O Sindicato dos Jornalistas do Rio Grande do Norte (Sindjorn) se solidarizou com Bruno Giovanni e afirmou que, sem liberdade de expressão, “é impossível viver num estado democrático de direito”.

“E o pior, censura essa pedida por um membro do Ministério Público, entidade que, por vezes, é acusada de ‘noticiar’ e ‘agredir’ a honra de terceiros (…)”, escreveu o sindicato.

Jornalista profissional com mais de 50 anos de atuação, o professor aposentado de Comunicação da Universidade Federal do Rio Grande do Norte (UFRN) Cassiano Arruda Câmara disse que a decisão de Mário Jambo é “inaceitável”.
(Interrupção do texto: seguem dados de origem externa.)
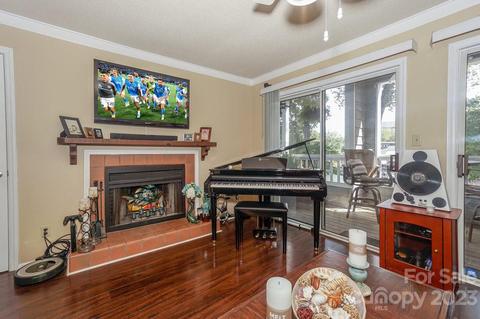 211 Northwest Dr, Davidson, NC 28036 photo 8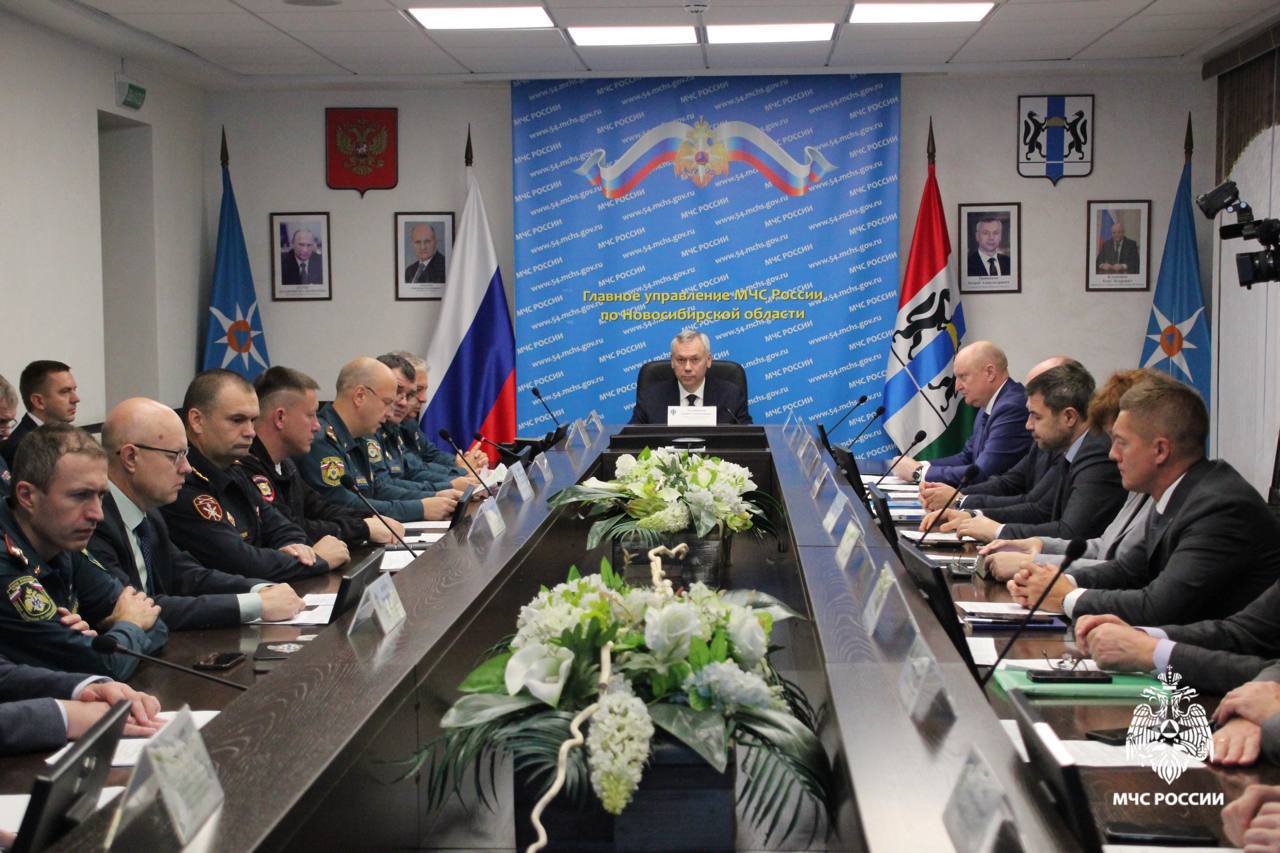 Подведены итоги купального сезона На заседании областной комиссии по ЧС под руководством губернатора Андрея Травникова подвели итоги купального сезона и рассмотрели дополнительные меры по обеспечению безопасности на водоемах в осенне зимний период В купальный сезон дополнительные меры позволили сократить происшествия на 10 гибель на 14 детскую гибель на 36 Причины трагедий 61 при купании в местах массового неорганизованного отдыха 26 в местах одиночного купания при несоблюдении безопасности на рыбалке отсутствие контроля и оставление ребёнка без присмотра Губернатор Андрей Травников поручил главам муниципалитетов учесть опыт текущего года и уже сейчас начать готовиться к следующему купальному сезону определить на каких объектах и сколько нужно спасательных постов сколько специалистов для этого обучить какие пляжи дополнительно оборудовать летом mchs54 Подписывайся на МЧС России в Telegram MAX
“A Constituição que não permite a censura prévia também não autoriza ninguém a censurar a posteriori nenhum meio de comunicação. Quem assim agir termina se igualando a quem, por ventura, cometeu um crime capitulado na lei de imprensa. Não existe cobertura legal para a prática da censura”, escreveu Cassiano, no blog “Território Livre”.

Diretor-presidente do Grupo Agora RN, o jornalista Alex Viana disse que a decisão representa um “retrocesso”.

“Sem negar o direito do procurador se defender de eventuais exageros da crítica, se fosse o caso, o que se tem é uma decisão judicial censurando uma opinião cujo direito é assegurado pela Constituição. A meu ver, está clara a censura, o que é abominável sob todos os aspectos possíveis. Talvez fosse o caso de o procurador pleitear um direito de resposta, e olhe lá se caberia, visto que no nosso país, até onde se sabe, é livre a manifestação do pensamento e a expressão de opinião. A censura é grave e representa um retrocesso, na medida em que vivemos numa democracia teoricamente plena”, afirma.

Diretor-executivo do jornal Tribuna do Norte, o jornalista Daniel Cabral também comentou: “Quando a imprensa é atacada, coloca-se mordaça contra quem põe à luz o abscôndito, inclusive a soberba”.

O jornalista Dinarte Assunção, editor do “Blog do Dina” e comentarista da 96 FM, pediu um pronunciamento do Ministério Público Federal. “A decisão (…) deve ser repudiada e nos empurra para uma pergunta que se impõe: o @MPF_PRRN concorda que sua imagem seja arrastada para essa trama? Precisa dizer se sim ou se não”, escreveu, pelo Twitter.

Advogado e jornalista, Gustavo Negreiros afirmou que a decisão é “a mais absurda da história do RN”. “A decisão (…) é (…) reflexo das piruetas jurídicas cometidas pelo STF. Podar a liberdade de expressão é rasgar a Constituição”, escreveu, em seu blog.